Task to carry out >> Without including the pictures, copy each line below exactly as it reads.

Given information >>
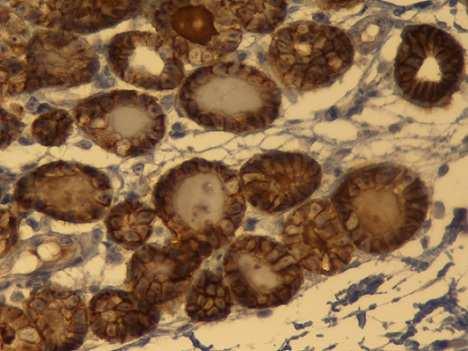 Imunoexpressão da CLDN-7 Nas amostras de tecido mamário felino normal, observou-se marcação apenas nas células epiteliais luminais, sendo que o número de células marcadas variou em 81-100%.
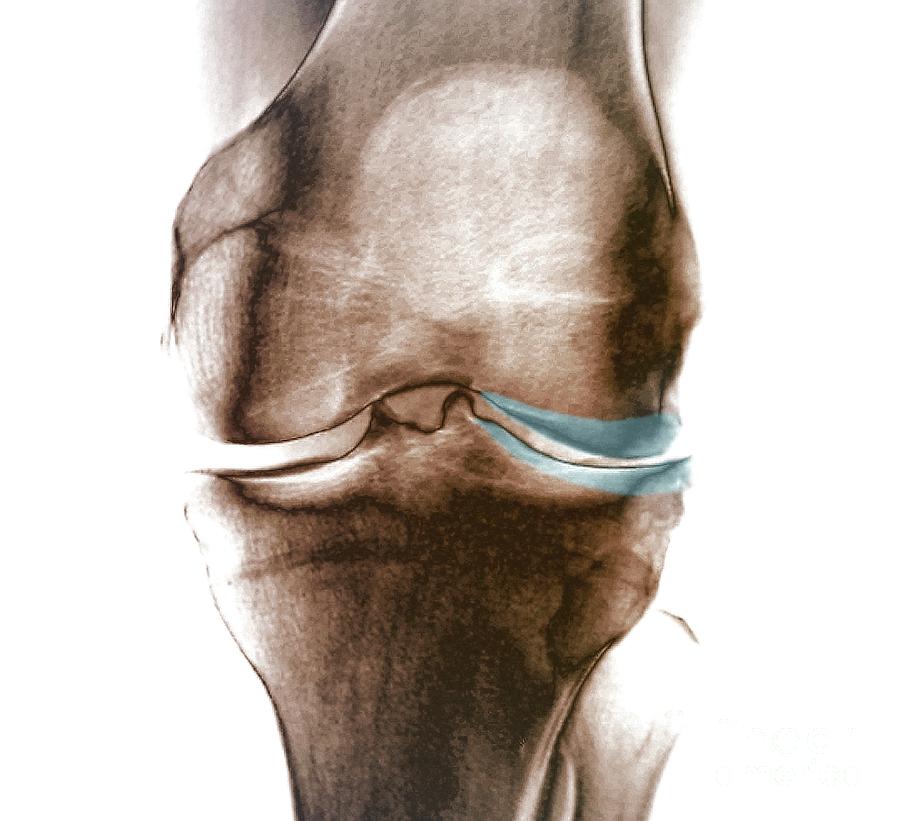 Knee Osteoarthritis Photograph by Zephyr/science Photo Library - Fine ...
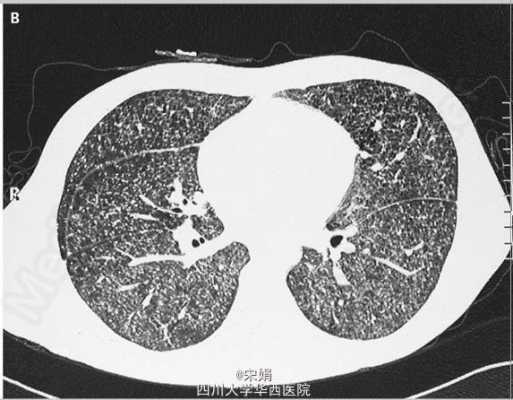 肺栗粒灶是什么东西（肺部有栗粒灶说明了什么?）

Exercise result >>
 Imunoexpressão da CLDN-7 Nas amostras de tecido mamário felino normal, observou-se marcação apenas nas células epiteliais luminais, sendo que o número de células marcadas variou em 81-100%.
 Knee Osteoarthritis Photograph by Zephyr/science Photo Library - Fine ...
 肺栗粒灶是什么东西（肺部有栗粒灶说明了什么?）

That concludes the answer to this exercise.